In 2012, Harris played John McCain in the HBO film "Game Change" and won a Golden Globe for his performance, then he starred in "Snowpiercer" (2013), "Cymbeline" (2015), and "Rules Don't Apply" (2016) and lent his voice to the Sandra Bullock-George Clooney film "Gravity" (2013) and the animated movie "Planes: Fire & Rescue" (2014). In 2016, Ed landed the role of a sadistic villain known as the Man in Black on the science-fiction/Western/dystopian series "Westworld," and in recent years, he has appeared in the films "Mother!" (2017), "Kodachrome" (2017), and "The Last Full Measure" (2019). He filmed "Top Gun: Maverick" in 2019, and he portrayed George S. Patton in 2020's "Resistance."
Awards and Nominations
Harris has been nominated for four Academy Awards: Best Actor in a Supporting Role for "Apollo 13," "The Truman Show," and "The Hours" and Best Actor in a Leading Role for "Pollock." He has earned six Golden Globe nominations, winning Best Performance by an Actor in a Supporting Role in a Motion Picture for "The Truman Show" and Best Performance by an Actor in a Supporting Role in a Series, Miniseries or Motion Picture Made for Television for "Game Change." Ed received Primetime Emmy nominations for his work in "Empire Falls," "Game Change," and "Westworld," and "Apollo 13" earned him Screen Actors Guild Awards for Outstanding Performance by a Male Actor in a Supporting Role and Outstanding Performance by a Cast. For his stage work, he received an Obie Award for "Fool for Love," a Drama Desk Award and Theatre World Award for "Precious Sons," and a Lucille Lortel Award for "Simpatico."

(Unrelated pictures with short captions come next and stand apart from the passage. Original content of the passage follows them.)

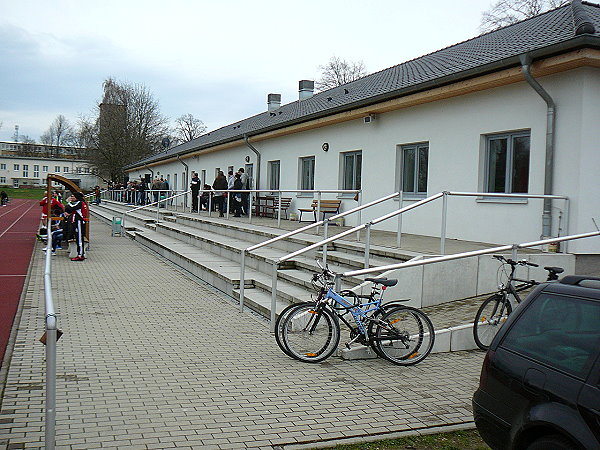 Sportanlage Schwarzer Weg - Magdeburg-Ottersleben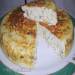 Cottage cheese and fish casserole (SV Steba and Multi-blender Profi Cook PC-МСМ1024)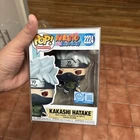 Funko Pop! Vinyl: Naruto - Kakashi Hatake - Evend LLC (Eve) (Exclusive) #2224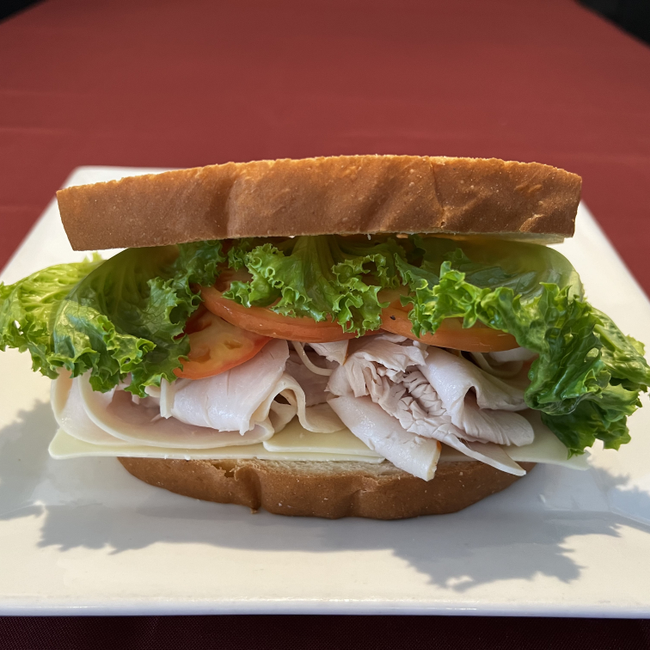 Turkey & Cheese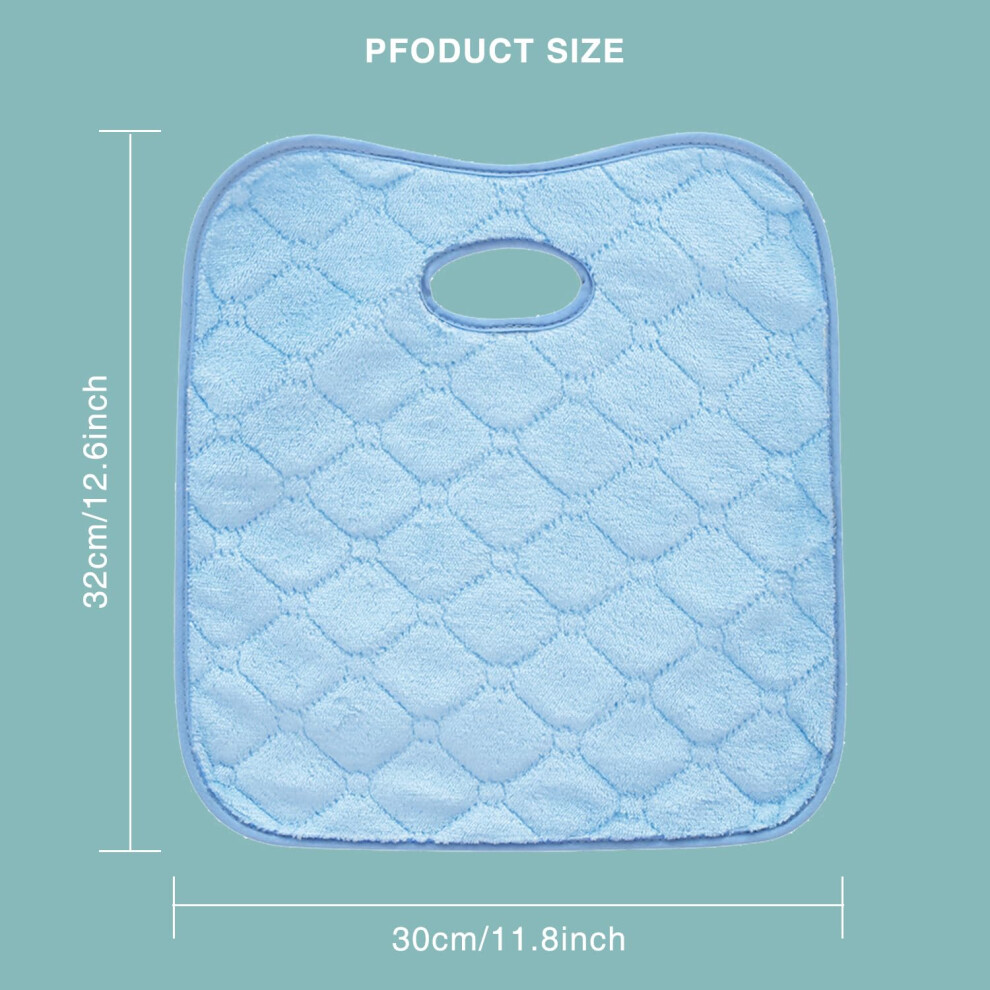 Funnaura 3 Pcs Baby Car Seat Protector Potty Taraining Waterproof Abs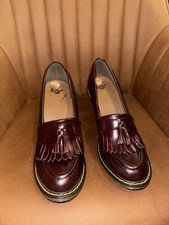 Doc Martens Roma Burgundy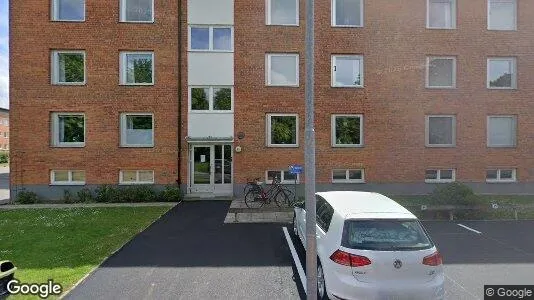 Bostadsrätter till salu i Kristianstad - Bild från Google Street View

Harris has also won awards from the Academy of Science Fiction, Fantasy & Horror Films ("Westworld"), Awards Circuit Community Awards ("Game Change"), Blockbuster Entertainment Awards ("The Truman Show"), Broadcast Film Critics Association Awards ("Apollo 13," "Just Cause," and "Nixon"), National Board of Review ("The Truman Show" and "Stepmom"), National Society of Film Critics Awards ("A History of Violence"), Western Heritage Awards ("Appaloosa" and "Riders of the Purple Sage"), and Women's Image Network Awards ("Empire Falls"). Ed shared a Boston Film Festival award for Best Screenplay Adaptation with "Appaloosa" co-writer Robert Knott, and he was honored with the Kirk Douglas Award for Excellence in Film at the 2009 Santa Barbara International Film Festival. In 2015, Harris received a star on the Hollywood Walk of Fame and an honorary degree from Allentown, Pennsylvania's Muhlenberg College.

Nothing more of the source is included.